Douglas Stevens, 41, Anthony Thomas, 65, and David Widlick, who worked at Gower Lodge in Gowerton, Swansea, were involved in the abuse of vulnerable residents.
Photo: Dimitris Legakis/Athena Pictures)
Three home care workers have been jailed for their “despicable” treatment of vulnerable residents.
Swansea Crown Court heard Douglas Stevens, who was working at Gower Lodge in Gorton, Swansea, was abusive, made sexual comments towards women, and on one occasion dragged a woman off a sofa by her hair, kneeled on her stomach and hit her head on the floor.
He also used racial slurs towards a resident man and made barking sounds outside his room.
Stephens, 41, was sentenced along with Anthony Thomas and David Widlick for mistreatment of a person.
Widlick pleaded guilty, while Stevens and Thomas were convicted after a trial.
Dimitris Legakis/Athena Pictures)
The Swansea Crown Court heard that Gower Lodge, which was operated by a company called TracsCare that has now rebranded itself as Accomplish, was a residential home for adults with a range of learning disabilities, complex behavioral problems and mental health conditions who needed one’s care.
During the trial, it was acknowledged that population behavior can often be “difficult” and staff used a system called Studio III which emphasized population management through distraction and de-escalation techniques while using only physical intervention as a last resort.
The abuse, which occurred between 2015 and 2017, came to light when a former employee raised her concerns about what she saw and heard – they were initially investigated by the care company before alerting the police.
Thomas, 65, was also verbally abusive, and on one occasion dragged a woman from the home’s lobby area by the hair.
Dimitris Legakis/Athena Pictures)
Meanwhile, Widlick, who was a home-based Nuba leader, made “cruel” comments to a stricken resident who was threatening suicide, telling her at one point he was going to give her a “real rope”.
And when the victim accused him of not caring, he replied, “I don’t get paid for the care.”

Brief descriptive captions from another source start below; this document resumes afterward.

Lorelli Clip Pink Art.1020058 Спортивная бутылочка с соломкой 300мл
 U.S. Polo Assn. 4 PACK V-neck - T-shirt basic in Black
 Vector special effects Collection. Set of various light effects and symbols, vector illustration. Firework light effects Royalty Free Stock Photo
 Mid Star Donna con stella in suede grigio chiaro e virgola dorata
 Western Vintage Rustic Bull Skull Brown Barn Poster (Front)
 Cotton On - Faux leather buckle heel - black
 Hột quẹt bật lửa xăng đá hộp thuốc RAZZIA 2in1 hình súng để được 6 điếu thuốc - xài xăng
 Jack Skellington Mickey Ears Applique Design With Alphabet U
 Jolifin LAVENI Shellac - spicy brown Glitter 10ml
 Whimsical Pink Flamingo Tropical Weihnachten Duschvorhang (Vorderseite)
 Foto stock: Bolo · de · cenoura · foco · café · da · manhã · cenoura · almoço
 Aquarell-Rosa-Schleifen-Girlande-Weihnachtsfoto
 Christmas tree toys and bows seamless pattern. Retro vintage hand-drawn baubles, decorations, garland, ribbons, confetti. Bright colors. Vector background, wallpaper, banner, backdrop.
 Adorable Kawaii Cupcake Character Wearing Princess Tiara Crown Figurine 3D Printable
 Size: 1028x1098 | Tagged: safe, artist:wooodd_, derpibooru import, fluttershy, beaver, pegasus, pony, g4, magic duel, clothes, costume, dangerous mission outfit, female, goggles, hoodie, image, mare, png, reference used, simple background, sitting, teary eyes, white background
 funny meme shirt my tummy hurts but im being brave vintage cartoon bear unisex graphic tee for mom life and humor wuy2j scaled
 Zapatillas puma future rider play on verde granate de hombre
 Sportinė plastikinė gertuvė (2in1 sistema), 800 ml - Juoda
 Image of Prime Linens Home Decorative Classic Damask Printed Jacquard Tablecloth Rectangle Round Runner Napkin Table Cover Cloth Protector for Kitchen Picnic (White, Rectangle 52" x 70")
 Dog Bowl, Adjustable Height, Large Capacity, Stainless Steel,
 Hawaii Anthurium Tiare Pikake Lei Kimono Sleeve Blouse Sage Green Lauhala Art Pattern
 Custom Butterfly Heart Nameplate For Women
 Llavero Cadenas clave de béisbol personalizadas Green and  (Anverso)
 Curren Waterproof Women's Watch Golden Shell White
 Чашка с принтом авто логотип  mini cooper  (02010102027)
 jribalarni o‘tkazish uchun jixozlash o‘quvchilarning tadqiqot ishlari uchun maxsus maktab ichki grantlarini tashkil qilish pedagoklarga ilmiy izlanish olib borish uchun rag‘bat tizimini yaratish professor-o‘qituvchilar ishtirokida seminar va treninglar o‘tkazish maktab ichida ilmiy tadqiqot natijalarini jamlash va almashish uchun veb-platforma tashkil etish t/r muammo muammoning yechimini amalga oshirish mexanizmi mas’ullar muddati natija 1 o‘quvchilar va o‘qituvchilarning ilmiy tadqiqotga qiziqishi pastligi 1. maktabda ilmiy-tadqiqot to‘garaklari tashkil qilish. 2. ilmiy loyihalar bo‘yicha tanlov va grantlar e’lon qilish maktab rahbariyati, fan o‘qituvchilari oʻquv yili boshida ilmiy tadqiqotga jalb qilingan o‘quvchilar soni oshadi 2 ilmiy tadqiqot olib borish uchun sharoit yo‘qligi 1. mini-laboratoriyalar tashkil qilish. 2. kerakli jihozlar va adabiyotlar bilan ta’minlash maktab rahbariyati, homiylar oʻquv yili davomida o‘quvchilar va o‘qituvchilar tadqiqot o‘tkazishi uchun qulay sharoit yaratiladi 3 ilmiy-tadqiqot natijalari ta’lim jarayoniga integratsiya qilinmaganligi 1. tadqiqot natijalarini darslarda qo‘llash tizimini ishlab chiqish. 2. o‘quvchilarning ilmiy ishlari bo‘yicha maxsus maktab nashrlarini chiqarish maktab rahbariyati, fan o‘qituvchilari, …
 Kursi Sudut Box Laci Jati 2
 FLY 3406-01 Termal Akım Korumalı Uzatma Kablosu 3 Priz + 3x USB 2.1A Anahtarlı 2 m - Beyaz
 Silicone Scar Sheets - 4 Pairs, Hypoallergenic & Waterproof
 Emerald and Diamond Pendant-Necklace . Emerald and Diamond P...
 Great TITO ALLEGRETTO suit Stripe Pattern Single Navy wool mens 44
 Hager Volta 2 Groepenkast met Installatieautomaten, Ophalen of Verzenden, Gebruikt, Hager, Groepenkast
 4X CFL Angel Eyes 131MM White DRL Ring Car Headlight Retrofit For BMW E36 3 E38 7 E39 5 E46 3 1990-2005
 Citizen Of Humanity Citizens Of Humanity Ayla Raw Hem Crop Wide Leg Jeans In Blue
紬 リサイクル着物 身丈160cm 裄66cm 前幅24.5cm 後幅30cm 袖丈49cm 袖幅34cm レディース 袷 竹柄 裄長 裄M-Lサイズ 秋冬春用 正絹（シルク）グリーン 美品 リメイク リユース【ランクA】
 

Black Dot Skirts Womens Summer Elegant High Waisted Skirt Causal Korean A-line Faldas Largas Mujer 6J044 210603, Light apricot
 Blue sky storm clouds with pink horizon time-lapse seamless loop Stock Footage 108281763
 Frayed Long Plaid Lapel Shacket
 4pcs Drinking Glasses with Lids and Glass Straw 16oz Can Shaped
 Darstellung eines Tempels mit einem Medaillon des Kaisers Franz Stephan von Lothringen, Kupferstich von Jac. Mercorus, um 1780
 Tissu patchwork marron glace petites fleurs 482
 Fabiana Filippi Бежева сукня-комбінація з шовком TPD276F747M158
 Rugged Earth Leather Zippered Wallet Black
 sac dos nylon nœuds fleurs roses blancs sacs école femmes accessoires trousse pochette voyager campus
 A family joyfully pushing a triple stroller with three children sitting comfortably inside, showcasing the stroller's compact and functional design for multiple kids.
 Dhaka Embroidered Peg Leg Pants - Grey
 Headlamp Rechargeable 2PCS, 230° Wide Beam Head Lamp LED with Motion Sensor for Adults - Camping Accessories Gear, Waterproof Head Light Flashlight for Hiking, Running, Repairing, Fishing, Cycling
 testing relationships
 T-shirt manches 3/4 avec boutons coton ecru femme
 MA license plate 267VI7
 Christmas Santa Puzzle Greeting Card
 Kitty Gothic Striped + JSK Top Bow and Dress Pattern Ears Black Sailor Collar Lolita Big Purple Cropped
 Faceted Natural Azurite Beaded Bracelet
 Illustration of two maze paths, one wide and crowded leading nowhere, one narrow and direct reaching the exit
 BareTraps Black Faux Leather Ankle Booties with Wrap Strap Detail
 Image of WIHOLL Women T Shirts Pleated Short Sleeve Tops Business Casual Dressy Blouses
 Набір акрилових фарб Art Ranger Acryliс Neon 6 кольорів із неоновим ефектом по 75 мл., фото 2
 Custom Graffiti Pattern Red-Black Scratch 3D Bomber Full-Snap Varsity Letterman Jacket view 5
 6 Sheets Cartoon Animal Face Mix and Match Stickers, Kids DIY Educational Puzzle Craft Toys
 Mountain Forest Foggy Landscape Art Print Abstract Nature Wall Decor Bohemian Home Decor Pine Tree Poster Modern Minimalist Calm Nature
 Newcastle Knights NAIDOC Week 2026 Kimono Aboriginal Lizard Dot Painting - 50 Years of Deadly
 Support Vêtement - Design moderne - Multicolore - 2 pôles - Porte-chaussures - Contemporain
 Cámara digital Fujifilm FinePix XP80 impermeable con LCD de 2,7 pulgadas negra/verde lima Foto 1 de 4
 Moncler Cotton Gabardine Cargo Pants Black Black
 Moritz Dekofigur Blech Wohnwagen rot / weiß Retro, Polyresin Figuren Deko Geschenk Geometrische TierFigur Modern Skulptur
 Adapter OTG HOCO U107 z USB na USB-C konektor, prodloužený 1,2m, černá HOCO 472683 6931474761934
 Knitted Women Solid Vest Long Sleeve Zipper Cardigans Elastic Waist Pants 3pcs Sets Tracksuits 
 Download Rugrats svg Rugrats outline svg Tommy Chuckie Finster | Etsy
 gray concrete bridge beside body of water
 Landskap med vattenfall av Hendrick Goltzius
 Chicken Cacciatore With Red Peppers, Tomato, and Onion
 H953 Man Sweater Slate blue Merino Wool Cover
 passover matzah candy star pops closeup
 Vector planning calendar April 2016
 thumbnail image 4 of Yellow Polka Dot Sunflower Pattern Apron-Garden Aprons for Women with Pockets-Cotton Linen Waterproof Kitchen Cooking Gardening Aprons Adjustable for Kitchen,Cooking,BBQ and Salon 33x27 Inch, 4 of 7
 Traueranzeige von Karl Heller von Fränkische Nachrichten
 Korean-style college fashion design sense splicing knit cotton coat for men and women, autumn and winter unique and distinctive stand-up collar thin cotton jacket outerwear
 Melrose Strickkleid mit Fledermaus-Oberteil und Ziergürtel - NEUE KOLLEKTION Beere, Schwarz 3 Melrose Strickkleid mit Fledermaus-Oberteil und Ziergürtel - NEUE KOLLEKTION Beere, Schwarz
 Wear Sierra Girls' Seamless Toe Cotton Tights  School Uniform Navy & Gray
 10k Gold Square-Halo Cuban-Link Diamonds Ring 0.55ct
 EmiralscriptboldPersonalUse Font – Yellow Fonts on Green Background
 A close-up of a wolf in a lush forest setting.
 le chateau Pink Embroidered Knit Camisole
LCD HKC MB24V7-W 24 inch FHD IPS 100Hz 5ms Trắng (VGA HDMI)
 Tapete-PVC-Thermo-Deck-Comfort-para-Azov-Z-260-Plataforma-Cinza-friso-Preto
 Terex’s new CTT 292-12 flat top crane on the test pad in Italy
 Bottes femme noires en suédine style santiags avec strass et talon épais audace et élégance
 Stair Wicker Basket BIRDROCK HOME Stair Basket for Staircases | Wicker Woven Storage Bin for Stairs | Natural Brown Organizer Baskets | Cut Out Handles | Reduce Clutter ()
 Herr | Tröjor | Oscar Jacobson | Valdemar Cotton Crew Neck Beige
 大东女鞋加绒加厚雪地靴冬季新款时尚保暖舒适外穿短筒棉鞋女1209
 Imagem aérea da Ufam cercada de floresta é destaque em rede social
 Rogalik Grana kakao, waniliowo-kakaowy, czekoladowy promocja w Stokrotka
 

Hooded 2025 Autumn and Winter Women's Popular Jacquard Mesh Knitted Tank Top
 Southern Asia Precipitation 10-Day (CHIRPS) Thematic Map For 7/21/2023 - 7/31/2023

The offense committed by the 38-year-old was recorded on a mobile phone by a colleague who later became a whistleblower.
Nicholas Powell, on behalf of Stevens, said that while the accused retains the position he held at trial, he respects the trial process.
She said the immediate confinement period would have a “tremendous” impact on his family members.
John Hepkin QC, on behalf of Thomas, said his client also maintained the position he held at trial but accepted the jury’s verdicts without complaint.
He said that at age 65, the accused’s working life was now over and that his conviction was a “fall from grace” for a man who was the “pillar” of his family.
James Hartson, for Widdlick, said the defendant described his behavior in speaking to the occupant in the way he treated him as “unacceptable, unjustified, and unprofessional.”
The lawyer added that the delay in referring the case to court was “excessive”.
Judge Geriant Walters told the defendants that the residents in their care at Gower Lodge were among the most vulnerable in the community, and the way they were treated was “abhorrent”.
He said that after hearing the evidence at the trial he concluded that there was a culture operating in the home at the time in which employees acted almost with impunity while others who were part of the “clique” virtually turned a blind eye.
The judge said the credit goes to the owners of the house that when the allegations surfaced, they conducted their own investigation – arresting seven staff members as part of that process – before handing the matter over to the police.
Douglas Stephens, of Rosedri, and Temple, Llanelli, was sentenced to 15 months in prison; Anthony John Thomas, of Briar Dean, Skeeti, Swansea, was also sentenced to 15 months in prison; David Michael Widlick, of Cecil Street, Manselton, Swansea, sentenced to 18 weeks in prison.
Defendants will spend up to half of those sentences in custody before being released under a license to serve the remainder of the community.
Judge Walters said the whistleblowers who came forward to give evidence about what was happening at Gower Lodge deserved praise for their courage, saying these people “give a voice to the voiceless.”